Russia, Iran, Iraq and Syria cooperate within the so-called smaller counterterrorism coalition, which was technically created a year before its official launch in 2015, with its coordination center located in Baghdad. During the latest meeting in mid-December, intelligence officers of the member states discussed the situation in eastern Syria and in the area along the border with Iraq.
The information about the productivity of the coordination center’s work is quite scarce.
“We established the exchange of information on the militants from Russia and ex-USSR countries fighting in Syria and Iraq," Maj. Gen. Alexander Smolovoy, the head of the Russian side of the counterterrorism center in Baghdad, disclosed a while ago. "We detected the routes they had taken to arrive to the combat zone, the training camps and their funding sources."
However, Russia had supposedly failed to develop fully functioning counterterrorism structures in Iraq.
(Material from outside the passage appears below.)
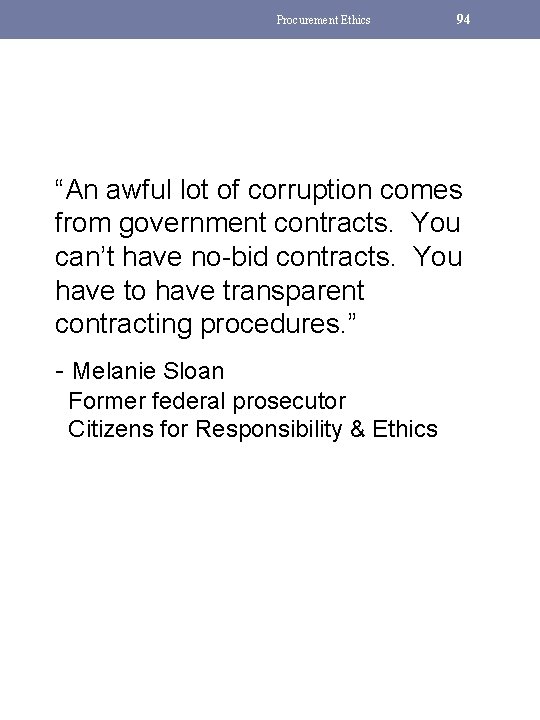 Procurement Ethics 94 “An awful lot of corruption comes from government contracts. You can’t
As a result, Moscow focused on the ad hoc approach, solving issues such as the identification of Russian nationals fighting in Iraq and the deployment of special forces in the town of Abu Kamal near the border. Thus, even if this type of cooperation is suitable for the local counterterrorism effort, it is hardly efficient to eliminate developed Islamist networks. But these measures allow for diversification of logistic routes inside the so-called Shiite corridor between Iran and Lebanon.
In a parallel development, Ahmad al-Jarba, the leader of Syria's Tomorrow Movement, a political organization, and head of its militant wing, the Syrian Elite Forces (SEF), visited Turkey for negotiations and met Iraqi Kurdish security chief, Masrour Barzani. Jarba originates from the Shammar tribe, a clan closely connected to the UAE and Saudi Arabia. He also has friendly relations with the Barzani family and is consistent in his contacts with Russia. The SEF, which has repeatedly clashed with the SDF, opened its offices to recruit new members and published requirements for the servicemen.
According to media reports, the SEF, supported by regional actors, is able to control the border together with Rojava peshmerga, which has contacts with the Democratic Union Party and Syria’s Kurdish National Council. Some reports claim that SEF troops may also be deployed along the Syrian-Turkish border to prevent or minimize the consequences of Ankara’s new operation. However, no matter the outcome of these talks, Jarba’s political authority grows. He is supported across the region, although it has been repeatedly mentioned that military officials of Assad’s regime are highly skeptical of the SEF leader.
Eastern Syria, therefore, is currently an equation with numerous variables, where every actor aims to avoid getting stuck in the conflict but seeks to promote its own scenario, regardless of its tactical obligations to its allies. In this regard, the US departure from Syria is likely to become a fruitful measure by, first, allowing Washington to avoid the need to protect the SDF alliance that is crumbling due to the Kurdish-Arab controversy. Second, in this turn of events, the United States will retain its referee status if it continues to supervise the processes around Syria, fight IS and restrain Iranian influence, using facilities in Jordan and Iraq constructed specifically for these purposes. Russia, in turn, will also seek to establish itself as a mediator despite its clear bias and inability — bordering on unwillingness — to restrain Iranian influence.